Facebook en difficulté

Dans le collimateur de la Commission: les recettes publicitaires des groupes tirées des données de leurs utilisateurs -- le modèle de Facebook, Google ou Twitter -- ou les revenus provenant de la mise en relation d'internautes pour un service donné -- celui d'Airbnb ou Uber, par exemple. Même si l'initiative de la Commission n'est aucunement liée au scandale de Cambridge Analytica, elle survient au moment où Facebook est au cœur d'une tourmente mondiale depuis que cette société a été accusée d'avoir illégalement acquis les données de 50 millions d'utilisateurs du réseau social. Outre cette mesure « ciblée » de taxation du chiffre d'affaires des entreprises numériques, M. Moscovici a proposé une réforme de fond des règles relatives à l'imposition des sociétés, qui prendrait le relais de la première proposition de « court terme ». Cette proposition permettrait aux pays de l'UE de taxer les bénéfices qui sont réalisés sur leur territoire, même si une entreprise n'y est pas présente physiquement.
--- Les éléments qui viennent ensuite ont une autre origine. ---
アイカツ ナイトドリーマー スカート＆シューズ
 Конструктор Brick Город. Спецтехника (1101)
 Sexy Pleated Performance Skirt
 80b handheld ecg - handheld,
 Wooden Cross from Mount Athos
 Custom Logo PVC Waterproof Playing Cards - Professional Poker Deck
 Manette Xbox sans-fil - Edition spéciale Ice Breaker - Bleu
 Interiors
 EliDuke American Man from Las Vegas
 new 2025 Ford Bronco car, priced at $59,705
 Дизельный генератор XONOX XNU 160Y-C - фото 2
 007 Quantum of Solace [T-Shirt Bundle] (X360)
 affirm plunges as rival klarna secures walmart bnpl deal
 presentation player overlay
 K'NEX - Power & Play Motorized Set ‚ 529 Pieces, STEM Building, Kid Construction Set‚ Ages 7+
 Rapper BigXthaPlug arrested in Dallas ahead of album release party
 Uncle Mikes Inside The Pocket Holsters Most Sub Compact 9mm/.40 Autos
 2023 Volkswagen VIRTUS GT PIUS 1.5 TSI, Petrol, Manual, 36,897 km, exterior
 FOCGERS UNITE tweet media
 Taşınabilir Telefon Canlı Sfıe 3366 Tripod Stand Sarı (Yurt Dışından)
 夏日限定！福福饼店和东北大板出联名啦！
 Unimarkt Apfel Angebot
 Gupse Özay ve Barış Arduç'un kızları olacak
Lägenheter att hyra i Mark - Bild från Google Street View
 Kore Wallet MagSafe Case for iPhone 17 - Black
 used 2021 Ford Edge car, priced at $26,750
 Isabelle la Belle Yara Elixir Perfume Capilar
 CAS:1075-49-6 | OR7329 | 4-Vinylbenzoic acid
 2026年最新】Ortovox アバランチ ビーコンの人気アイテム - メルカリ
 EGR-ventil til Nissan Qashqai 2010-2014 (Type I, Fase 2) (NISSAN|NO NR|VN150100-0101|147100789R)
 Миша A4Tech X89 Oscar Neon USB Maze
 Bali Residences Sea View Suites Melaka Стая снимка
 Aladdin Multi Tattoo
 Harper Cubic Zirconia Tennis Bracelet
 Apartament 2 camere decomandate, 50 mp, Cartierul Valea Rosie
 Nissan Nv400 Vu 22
Il s'agit d'établir un standard européen définissant la présence numérique des sociétés, pour mieux les imposer, à l'aide de trois critères: les revenus, le nombre d'utilisateurs et les contrats -publicitaires par exemple- signés avec une autre entreprise.

Reste à savoir si les grands pays de l'UE parviendront à convaincre les plus petits Etats tels que l'Irlande, les Pays-Bas, le Luxembourg, accusés de tirer profit de leur fiscalité avantageuse vis-à-vis des entreprises. Dans l'Union en effet, toute réforme sur la fiscalité requiert l'unanimité. L'Irlande comme le Luxembourg ont déjà donné de la voix mercredi, en faisant savoir qu'ils étaient en faveur d'une solution commune avec les Etats-Unis. Quant aux principaux intéressés, les entreprises concernées, elles ont fustigé une taxe « discriminatoire et néfaste à l'économie numérique européenne », selon CCIA, un lobby des GAFA, dans un communiqué publié à Bruxelles.